Ammortizzatori guasti – cause e soluzioni e come sostituirli

Indeciso sul confort di guida o sulle prestazioni? E se le sospensioni sono vecchie? Spieghiamo qui cosa fa l’ammortizzatore, come rilevare un ammortizzatore difettoso sulla tua auto, quali possono essere le cause di un difetto e come cambiare gli ammortizzatori.

Funzioni e tipi di ammortizzatori

Come funziona un ammortizzatore?

L’ammortizzatore è un componente essenziale e importante per la sicurezza del vostro veicolo, che insieme alla molla forma un collegamento continuo tra la sospensione della ruota e la carrozzeria. Serve a ridurre le vibrazioni e a compensare le irregolarità del manto stradale in modo che la vostra auto non inizi a oscillare. Nelle auto moderne e potenti con alte velocità, la tecnologia dei telai è diventata un importante centro di sviluppo.

Disegno schematico degli ammortizzatori nell'auto.
Ammortizzatore nell’auto

Teoricamente, anche il termine ammortizzatore non è corretto perché questo componente tende a ridurre le vibrazioni generate durante la guida: in altre parole, è un “ammortizzatore di vibrazioni”. Questo avviene nello smorzatore stesso attraverso la conversione dell’energia.
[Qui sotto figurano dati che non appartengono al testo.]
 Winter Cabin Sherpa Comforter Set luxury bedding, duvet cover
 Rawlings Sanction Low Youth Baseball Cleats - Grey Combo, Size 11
In questo caso, i passaggi delle valvole rallentano l’olio nel pistone grazie al movimento del pistone dello smorzatore a tal punto che la vibrazione della molla è limitata al giusto livello fin dall’inizio. Questo impedisce alla vostra auto di dondolare o rimbalzare. 

Quando si supera un ostacolo, come ad esempio un dosso, la prima cosa che serve è la molla per compensare, ma non deve essere ostacolata dallo smorzatore, che si comprime durante questo processo (fase di compressione). Ora la molla si distende di nuovo il più velocemente possibile, ma in questa fase deve essere rallentata nel suo movimento dallo smorzatore che si sta espandendo (rimbalzo). A seconda delle condizioni della strada, della velocità e della temperatura esterna, l’olio e quindi anche l’elemento di smorzamento possono riscaldarsi fino a 120 °C a causa del carico termico.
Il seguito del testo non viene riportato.